***** SUPPLIED DATA *****
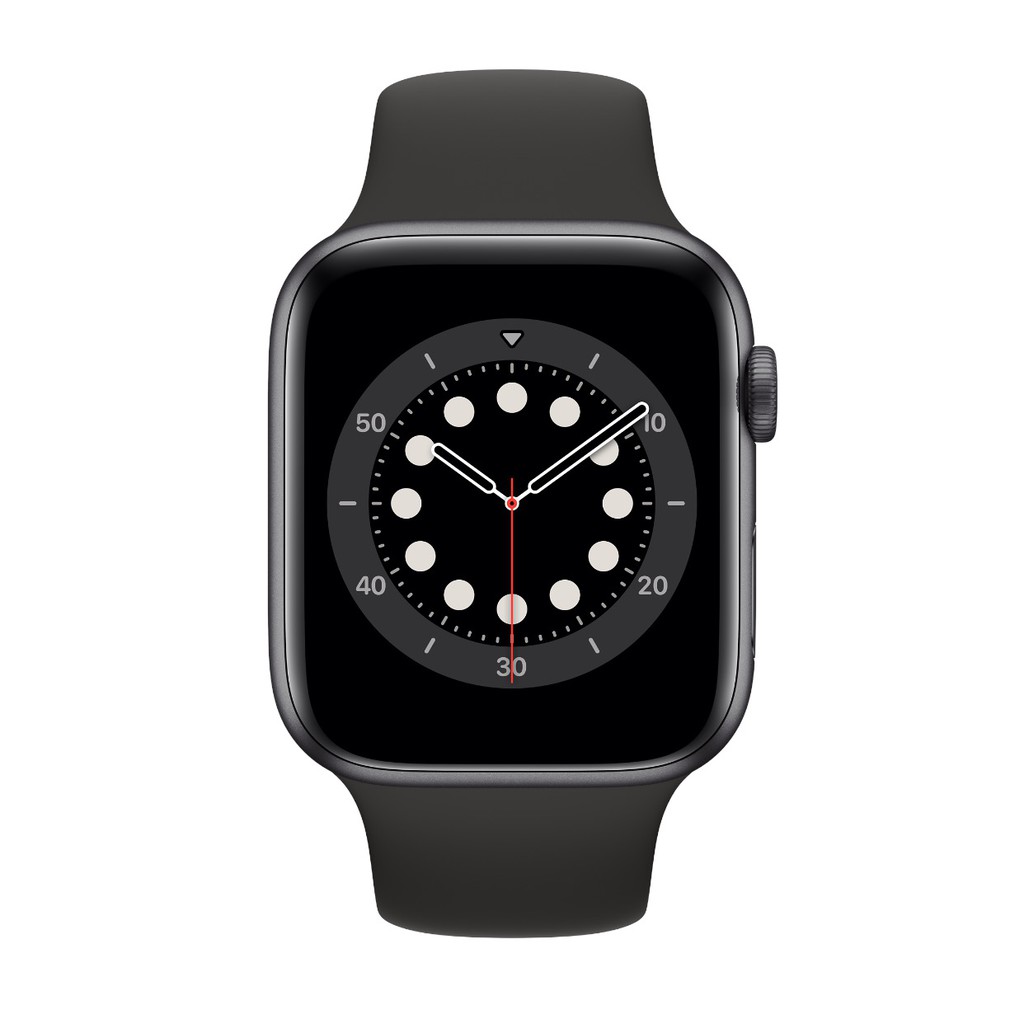 infiniteWatch Series 6-Space Grey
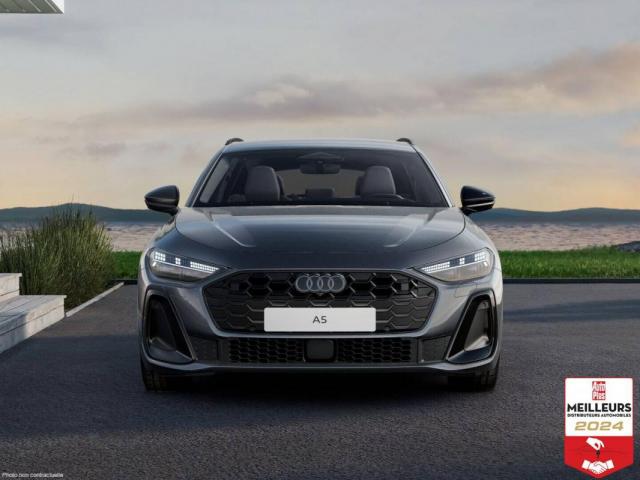 Audi A5 image 1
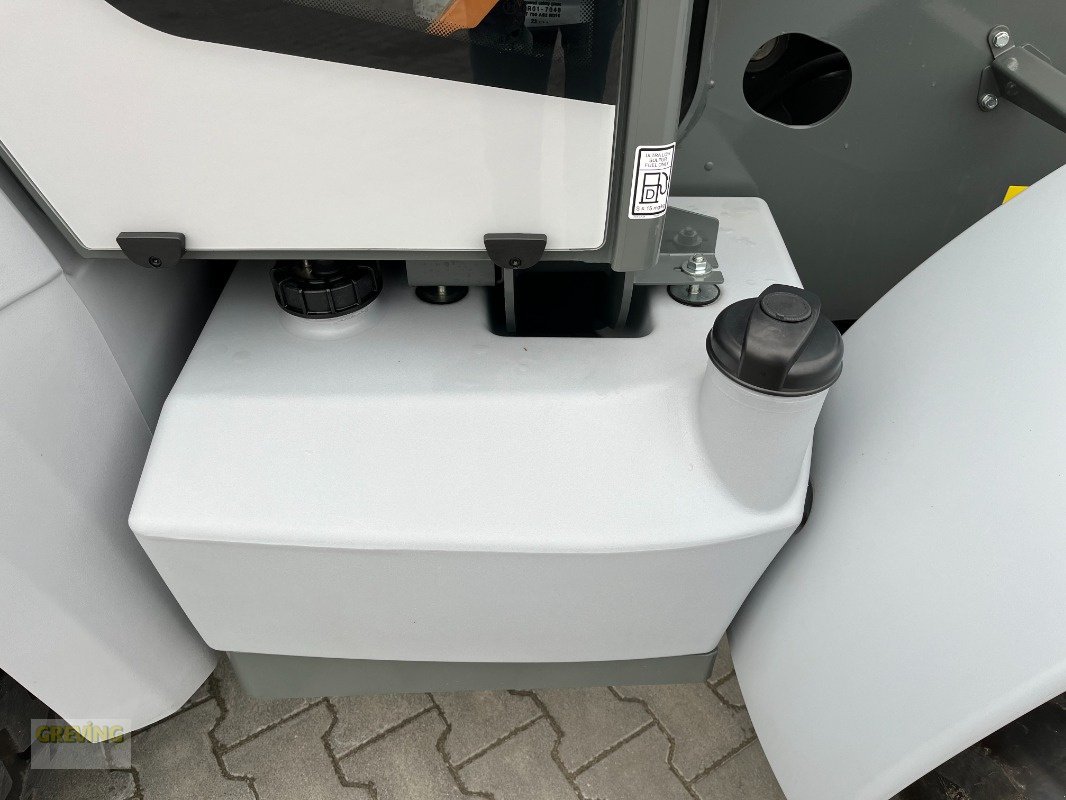 Radlader tipa Kramer KL 19.5, Neumaschine u Ahaus (Slika 24)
*****
### PROBLEM TO WORK ON
Your answer must be the lines from the line containing "Audi A5 image 1" through the final line of the data, written out exactly, both ends included and pictures left out.

### YOUR SOLUTION
 Audi A5 image 1
 Radlader tipa Kramer KL 19.5, Neumaschine u Ahaus (Slika 24)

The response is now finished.